I've never been big on New Year's resolutions. I mean, why make promises I won't keep? How will I learn to trust others in this heartless world if I can't even trust myself? And I can't trust anyone who can't keep a New Year's resolution for even one stinking week. Which is a milestone I was never able to achieve.

It's like Lent. Back in the days when I tracked these things, I knew when Lent was coming and planned accordingly: no dessert for 40 days. Because I always look for the silver lining, I'd like to believe that my failure at Lent helped hone the skills of bending rules and lying to myself at which I'm so successful today. Hey, I finished dinner an hour ago, so this is a snack, not dessert.

Nora Ephron, my guiding light since her Esquire days in the '70s, has a much more practical approach to resolutions: she sets the bar really, really low. She resolves to eat more waffles, not read Proust and dump AOL once and for all. Wait, that last one has been proven to be virtually impossible. Well, the others seem attainable at least.

In her blog on huffingtonpost.com Ephron says: "I resolve to be a better human being this year, and that includes trying to remember the names of people I have just been introduced to." I'll try this one too! (I mean remembering names, not being a better human being.) I won't officially "resolve" it, because it's probably too hard for me to pull off. I'm famous for gazing cluelessly at people I've known for decades when expected to make introductions. But I'll try to implement one of those memory tricks you always hear about, like visualizing something that the name reminds you of. If only I met people named "Cindy Schnozz" or "Handsome McEyelashes" the name game would be a lot easier.

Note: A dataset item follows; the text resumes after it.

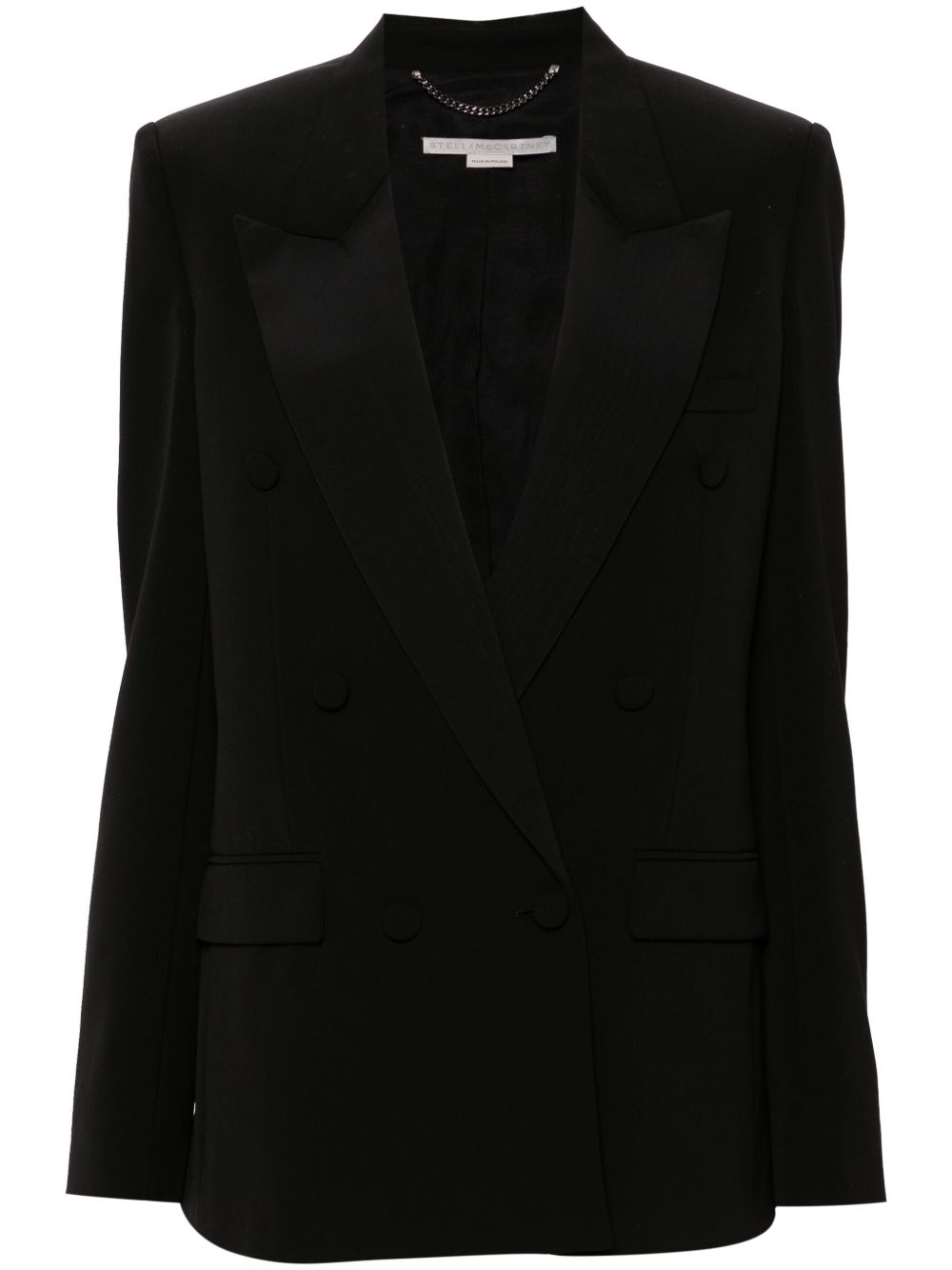 Stella McCartney 双排扣斜纹布西装夹克 - 黑色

Anyway, in perusing videos about New Year's resolutions this past week, I've been alternately impressed and horrified at the things people resolve to do or not do, just because the annual calendar is adjusting by a digit. If you want to look better, find a mate, get organized, improve your vocabulary or make more money, why wait? Or, to argue the other side, if you didn't care enough to do it the other 364 days of the year, what makes now so different?

I guess my fatalistic attitude is that we are who we are, so let's not kid ourselves. If we do decide that a new year is cause for a new body/relationship/job, that doesn't mean we have to get all official about it, posting videos and telling the world about our current failings and longed-for future improvements. A few well-placed Post-Its on the fridge or bathroom mirror can help keep motivation up any time of year. And it's a lot less embarrassing if you haven't gone public with a resolution when December rolls around and nothing's changed.

1 comment:

  1. I'm with you, off the resolution bandwagon. After the terribly clever "I resolve to make no New Year's resolutions" when we were 13 or 14, the only one I was ever able to keep was to start smoking.

    Yes. Start smoking.

    It was AMAZINGLY easy, especially given that I'd been a smoker until a year or so previous to that.

    And yes, there were external factors involved. The Granville Island Keg for one.